A year later, the employee was transferred to another department. He alleged that this was a demotion and as such, constituted “penalisation”. He consequently brought a claim against his employer to the WRC.

The WRC held that there was insufficient evidence to conclude that the employee’s transfer was as a result of his protected disclosure. The employee did not convince the WRC that the transfer would not have occurred “but for” his disclosure. The WRC was of the view that the employer is entitled to re-organise and re-assign within its organisation.

The case-law to date highlights that despite the protections provided by the Act, employees still have to overcome a significant hurdle in proving that the alleged “penalisation” would not have occurred “but for” the disclosure they made.

Just doing your job

The Act provides that a disclosure is not covered by the Act, if it is part of the employee’s job to detect or investigate the “relevant wrongdoing”, which he/she asserts forms the basis of his/her protected disclosure.

In A Public Servant v A Government Department (AdJ-00004925), the employee, as part of his job, provided training at an off-site location and observed a business, who he was overseeing, failing to comply with their legal obligations.
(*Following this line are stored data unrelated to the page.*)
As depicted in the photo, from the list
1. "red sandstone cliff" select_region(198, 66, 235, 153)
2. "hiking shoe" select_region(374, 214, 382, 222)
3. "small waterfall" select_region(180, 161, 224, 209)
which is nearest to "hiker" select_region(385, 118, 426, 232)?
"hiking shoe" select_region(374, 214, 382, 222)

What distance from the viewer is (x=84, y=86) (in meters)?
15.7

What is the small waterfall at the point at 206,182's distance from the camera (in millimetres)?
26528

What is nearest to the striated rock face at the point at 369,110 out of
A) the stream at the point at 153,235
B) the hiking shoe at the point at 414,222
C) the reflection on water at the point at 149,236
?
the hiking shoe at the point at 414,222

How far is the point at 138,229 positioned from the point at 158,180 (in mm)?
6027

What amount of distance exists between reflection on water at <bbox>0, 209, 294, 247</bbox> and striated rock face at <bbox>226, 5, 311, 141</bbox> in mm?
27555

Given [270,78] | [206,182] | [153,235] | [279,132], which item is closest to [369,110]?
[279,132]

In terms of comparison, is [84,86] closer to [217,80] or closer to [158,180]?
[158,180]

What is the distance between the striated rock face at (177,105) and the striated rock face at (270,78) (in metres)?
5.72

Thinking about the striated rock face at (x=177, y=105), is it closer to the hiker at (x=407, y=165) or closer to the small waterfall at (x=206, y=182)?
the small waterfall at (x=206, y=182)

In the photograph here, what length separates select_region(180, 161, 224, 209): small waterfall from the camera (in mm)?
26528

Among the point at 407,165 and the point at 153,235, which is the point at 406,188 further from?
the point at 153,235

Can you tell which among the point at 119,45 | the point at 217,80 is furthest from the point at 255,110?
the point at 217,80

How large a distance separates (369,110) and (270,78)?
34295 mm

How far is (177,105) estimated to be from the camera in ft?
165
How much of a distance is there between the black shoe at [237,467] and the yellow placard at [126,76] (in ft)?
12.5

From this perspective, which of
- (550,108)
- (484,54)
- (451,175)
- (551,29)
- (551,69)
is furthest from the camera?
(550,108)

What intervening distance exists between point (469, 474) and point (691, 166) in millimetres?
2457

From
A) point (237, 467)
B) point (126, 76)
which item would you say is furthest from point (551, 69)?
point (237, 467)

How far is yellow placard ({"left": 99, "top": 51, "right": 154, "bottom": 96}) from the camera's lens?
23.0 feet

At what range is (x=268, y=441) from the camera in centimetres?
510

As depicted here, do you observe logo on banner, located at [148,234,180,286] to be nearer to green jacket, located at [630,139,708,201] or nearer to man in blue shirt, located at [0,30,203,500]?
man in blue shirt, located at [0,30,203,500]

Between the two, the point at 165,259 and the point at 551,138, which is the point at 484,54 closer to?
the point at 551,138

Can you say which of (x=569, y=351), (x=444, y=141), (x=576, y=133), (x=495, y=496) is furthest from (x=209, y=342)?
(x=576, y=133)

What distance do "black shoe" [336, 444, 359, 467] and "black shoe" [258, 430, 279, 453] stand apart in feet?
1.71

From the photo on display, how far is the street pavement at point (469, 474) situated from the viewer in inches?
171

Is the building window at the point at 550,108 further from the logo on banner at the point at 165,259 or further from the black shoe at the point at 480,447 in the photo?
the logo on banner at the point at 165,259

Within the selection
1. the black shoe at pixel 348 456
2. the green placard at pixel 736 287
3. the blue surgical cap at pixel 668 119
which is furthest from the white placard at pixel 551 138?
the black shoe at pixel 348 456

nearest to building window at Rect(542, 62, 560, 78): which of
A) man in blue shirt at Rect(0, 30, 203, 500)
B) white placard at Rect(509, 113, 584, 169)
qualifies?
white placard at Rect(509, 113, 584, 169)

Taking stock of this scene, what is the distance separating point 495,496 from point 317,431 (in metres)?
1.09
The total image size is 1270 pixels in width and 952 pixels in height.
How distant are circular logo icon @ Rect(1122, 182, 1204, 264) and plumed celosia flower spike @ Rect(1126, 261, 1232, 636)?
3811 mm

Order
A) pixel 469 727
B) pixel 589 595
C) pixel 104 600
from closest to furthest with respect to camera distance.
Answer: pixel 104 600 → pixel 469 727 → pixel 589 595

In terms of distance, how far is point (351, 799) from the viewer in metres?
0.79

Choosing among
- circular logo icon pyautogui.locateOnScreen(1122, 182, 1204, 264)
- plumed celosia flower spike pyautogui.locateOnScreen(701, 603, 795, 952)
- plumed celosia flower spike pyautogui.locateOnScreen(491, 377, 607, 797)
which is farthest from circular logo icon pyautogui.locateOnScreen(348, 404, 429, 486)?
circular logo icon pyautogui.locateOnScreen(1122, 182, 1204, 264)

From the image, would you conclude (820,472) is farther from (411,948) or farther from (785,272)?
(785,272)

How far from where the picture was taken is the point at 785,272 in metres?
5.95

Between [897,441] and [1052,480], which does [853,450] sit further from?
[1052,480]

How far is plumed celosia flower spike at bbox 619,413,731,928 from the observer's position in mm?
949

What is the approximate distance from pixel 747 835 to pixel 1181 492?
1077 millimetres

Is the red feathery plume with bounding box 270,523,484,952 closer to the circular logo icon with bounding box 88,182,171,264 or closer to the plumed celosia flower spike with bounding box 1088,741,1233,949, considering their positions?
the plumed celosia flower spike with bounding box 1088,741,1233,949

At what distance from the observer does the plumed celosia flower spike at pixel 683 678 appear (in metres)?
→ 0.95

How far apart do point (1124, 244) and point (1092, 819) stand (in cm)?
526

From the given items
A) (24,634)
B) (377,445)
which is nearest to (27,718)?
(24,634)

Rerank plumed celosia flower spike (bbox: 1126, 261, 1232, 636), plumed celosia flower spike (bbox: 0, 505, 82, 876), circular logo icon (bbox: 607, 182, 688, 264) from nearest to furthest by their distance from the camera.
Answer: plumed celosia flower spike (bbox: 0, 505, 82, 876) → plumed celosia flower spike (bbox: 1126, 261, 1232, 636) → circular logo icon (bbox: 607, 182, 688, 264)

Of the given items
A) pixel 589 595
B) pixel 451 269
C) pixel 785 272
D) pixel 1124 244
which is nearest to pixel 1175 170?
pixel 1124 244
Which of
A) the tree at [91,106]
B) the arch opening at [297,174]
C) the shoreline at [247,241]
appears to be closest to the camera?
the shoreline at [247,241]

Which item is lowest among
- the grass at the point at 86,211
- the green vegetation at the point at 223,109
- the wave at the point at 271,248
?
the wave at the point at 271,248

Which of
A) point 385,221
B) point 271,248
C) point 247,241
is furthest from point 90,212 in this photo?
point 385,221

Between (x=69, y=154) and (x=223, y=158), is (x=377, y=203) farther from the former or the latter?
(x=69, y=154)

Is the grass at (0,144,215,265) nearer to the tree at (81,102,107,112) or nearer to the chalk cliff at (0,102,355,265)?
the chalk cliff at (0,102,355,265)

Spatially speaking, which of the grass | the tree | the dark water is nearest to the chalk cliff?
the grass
He communicated this to his line manager.

Two months later, he was suspended for unrelated allegations, which an independent investigator concluded were well founded. The employee alleged that this suspension amounted to penalisation resulting from his protected disclosure.

The WRC held that his disclosure was not covered by the Act, as it was part of his job, to detect such matters. Furthermore, it did not constitute a wrongdoing by his own employer.
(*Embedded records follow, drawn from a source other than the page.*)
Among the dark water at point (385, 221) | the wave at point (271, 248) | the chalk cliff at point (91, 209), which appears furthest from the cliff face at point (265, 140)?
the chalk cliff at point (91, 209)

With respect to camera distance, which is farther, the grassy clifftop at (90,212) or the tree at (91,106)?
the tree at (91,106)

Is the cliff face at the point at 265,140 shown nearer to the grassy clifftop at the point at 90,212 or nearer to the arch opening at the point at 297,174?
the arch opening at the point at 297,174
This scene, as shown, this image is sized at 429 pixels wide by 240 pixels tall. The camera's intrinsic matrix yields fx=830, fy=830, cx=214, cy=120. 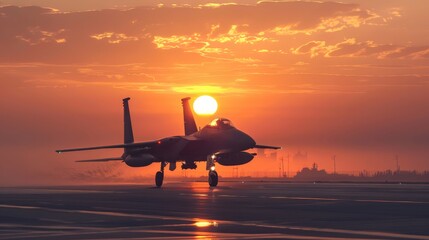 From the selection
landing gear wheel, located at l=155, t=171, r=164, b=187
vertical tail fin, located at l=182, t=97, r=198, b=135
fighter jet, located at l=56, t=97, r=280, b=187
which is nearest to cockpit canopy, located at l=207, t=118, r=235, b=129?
fighter jet, located at l=56, t=97, r=280, b=187

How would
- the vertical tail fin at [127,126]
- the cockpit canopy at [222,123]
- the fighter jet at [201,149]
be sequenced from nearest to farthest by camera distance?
1. the fighter jet at [201,149]
2. the cockpit canopy at [222,123]
3. the vertical tail fin at [127,126]

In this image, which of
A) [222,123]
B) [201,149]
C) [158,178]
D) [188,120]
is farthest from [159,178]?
[188,120]

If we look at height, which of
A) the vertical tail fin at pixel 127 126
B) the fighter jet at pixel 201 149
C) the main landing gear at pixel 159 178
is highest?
the vertical tail fin at pixel 127 126

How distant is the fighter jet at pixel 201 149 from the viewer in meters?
61.3

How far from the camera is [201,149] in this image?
6412 cm

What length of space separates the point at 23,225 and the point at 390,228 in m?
9.52

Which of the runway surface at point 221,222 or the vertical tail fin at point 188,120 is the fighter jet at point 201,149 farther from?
the runway surface at point 221,222

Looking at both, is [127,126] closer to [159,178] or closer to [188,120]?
[188,120]

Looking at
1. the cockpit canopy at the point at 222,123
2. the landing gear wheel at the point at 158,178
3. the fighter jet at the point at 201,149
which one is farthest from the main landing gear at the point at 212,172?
the landing gear wheel at the point at 158,178

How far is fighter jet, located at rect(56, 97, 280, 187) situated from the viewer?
2413 inches

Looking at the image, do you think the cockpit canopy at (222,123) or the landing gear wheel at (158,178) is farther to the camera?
the landing gear wheel at (158,178)

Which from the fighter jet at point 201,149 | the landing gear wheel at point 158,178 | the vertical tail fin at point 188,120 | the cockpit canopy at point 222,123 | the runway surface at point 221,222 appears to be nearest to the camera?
the runway surface at point 221,222

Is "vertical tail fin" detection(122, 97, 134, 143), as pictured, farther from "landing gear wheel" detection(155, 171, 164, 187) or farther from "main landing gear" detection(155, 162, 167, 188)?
"landing gear wheel" detection(155, 171, 164, 187)

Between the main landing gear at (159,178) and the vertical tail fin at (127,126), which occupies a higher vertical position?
the vertical tail fin at (127,126) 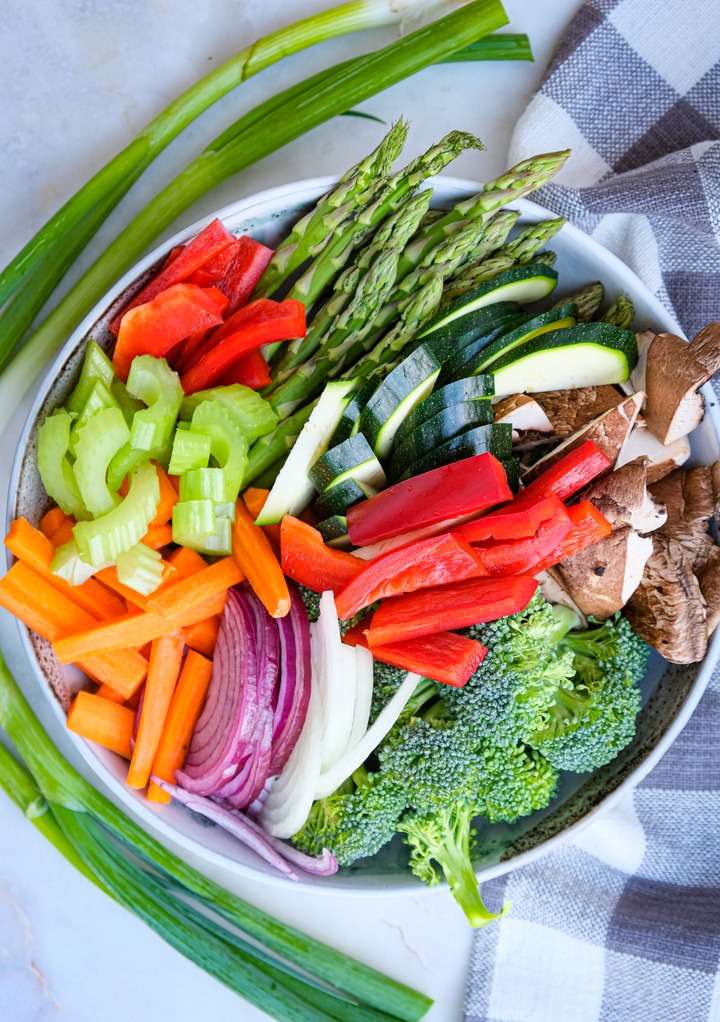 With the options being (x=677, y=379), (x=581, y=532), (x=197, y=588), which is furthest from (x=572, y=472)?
(x=197, y=588)

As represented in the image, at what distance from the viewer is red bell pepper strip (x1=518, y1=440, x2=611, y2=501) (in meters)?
1.96

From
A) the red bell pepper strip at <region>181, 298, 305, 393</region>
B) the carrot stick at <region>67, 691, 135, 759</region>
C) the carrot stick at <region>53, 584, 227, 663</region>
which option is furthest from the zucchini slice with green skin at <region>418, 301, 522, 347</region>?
the carrot stick at <region>67, 691, 135, 759</region>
Similarly, in Donegal County Council v Liam Carr (PDD161), a Fire Station Officer alleged that he had made 6 separate protected disclosures. Four of the complaints related to the alleged behaviour of fire-fighters in the station. One related to a work payments claim and the other related to the physical fitness of two fire-fighters in relation to their ability to carry out their jobs.

The employee alleged that as a result of these protected disclosures, he suffered penalisation in the form of being undermined in his position as Station Manager.

The Labour Court held that the allegations could not constitute protected disclosures, as it was part of his role as a Station Officer to detect and report such matters.

Importance of whistleblowing policy

Another decision of the WRC has highlighted the importance of having a whistleblowing policy in place, which prescribes how a disclosure should be made by an employee and how it will be dealt with upon receipt by the employer. Having a policy in place may bolster an employer’s defence, if a claim is subsequently brought against it by the employee.

In an Employee v Employee (ADJ-00003371), the WRC criticised the employee for not using the comprehensive whistleblowing policy, which had been put in place by the employer. The WRC held that the employee had not made a protected disclosure until the letter of complaint from her solicitor was received, as her previous method of disclosure was not in line with the employer’s policy.

Key Considerations

A number of helpful lessons may be discerned from the case law regarding whistleblowing to date. Although we await further decisions to fully assess the emerging trends in this area, a number of key considerations for both employees and employers are as follows;

  • An employee must bring his/her claim within 6 months from the date of the alleged penalisation/dismissal (which can be extended to 12 months, if the WRC adjudicator is satisfied the failure to present the complaint within the six month period was due to reasonable cause)
  • A disclosure is not covered by the Act, if it is the function of the employee (or the employee’s employer) to detect, investigate or prosecute the subject matter of the disclosure.
  • A disclosure is not covered by the Act, if it does not involve an act or omission of the employer.
  • The employee must be able to prove that “but for” the protected disclosure, he/she would not have been penalised.
  • Employers should strongly consider having a whistleblowing policy in place.